How do you read !important in CSS? [duplicate]

How is the CSS attribute property !important read?

Is it really important, exclamation mark important, ...?

Answer: From the answers below, it seems to be read simply important, or bang important.


Solution 1:

an "!important" declaration (the delimiter token "!" and keyword "important" follow the declaration) takes precedence over a normal declaration.

http://www.w3.org/TR/CSS2/cascade.html#important-rules

Basically, where two style rules are the same... it gives the one marked !important greater importance and will apply those styles.

Example

div{
    opacity:0 !important;
}

div.jason{
    opacity:1;
}

The first rule would be applied even though the second rule is more specific (one element + one class as opposed to one element)

Note: IE6 ignores !important when you have two of the same property and one of them is important - it'll always apply the last declaration, whether or not it was marked important. **Added from @BoltClock's comment below.

Warning: !important is a hammer that should only be used when absolutely necessary. Almost always, it is better to use more specific selectors to achieve greater specificity and have your styles applied the way you want. !important can make it very difficult for future developers to find and make changes to your code.

One good use case: !important is great for user-defined styles, where a user wants to manipulate Web site pages in specific way in his browser (say make all the backgrounds black and the text yellow). Without having to worry about specificity, the user can add styles to certain elements (like body) and make the styles render.

Solution 2:

Just "important" or "bang important." The ! is definitely not a negation in this case.


It's not a tag, it's a keyword.

Solution 3:

body { color: red !important; } means, in English, "The text-color of red is important".

In terms of how CSS sees it, it applies more "weight" to that declaration, so it will be (far) more likely to be the applied style.

For an example of this, we can use

p { color: red; }
p.blue { color: blue; }

Now, any p with a class of blue will show blue text, all the others will show red text. If we change it to this...
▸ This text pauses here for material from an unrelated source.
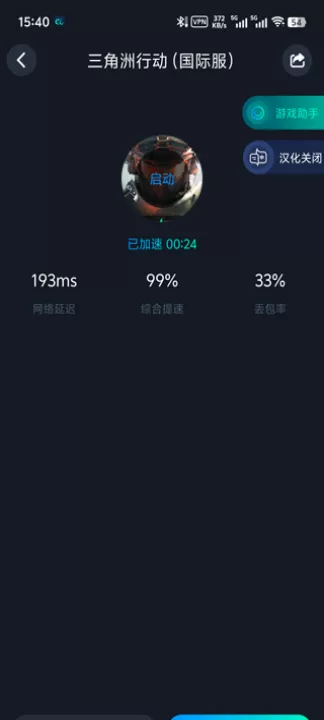 三角洲行动国际服下载_飞行射击_第2张_99下载站 三角洲行动国际服下载_https://www.99ziyuan.net_飞行射击_第2张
p { color: red !important; }
p.blue { color: blue; }

They will all show red text (even if they have a class of blue), as we've given more important to the first selector.

Solution 4:

I like to think of it as "NOT important".

p { 
    color: red !important; /* The rest is NOT important for this CSS property. */
} 

Meaning that everything else from that declaration and on is NOT important and should not be taken into account. The idea came from the usage of the "!" character as a boolean NOT in many programming languages. This way the !important makes sense as you read it.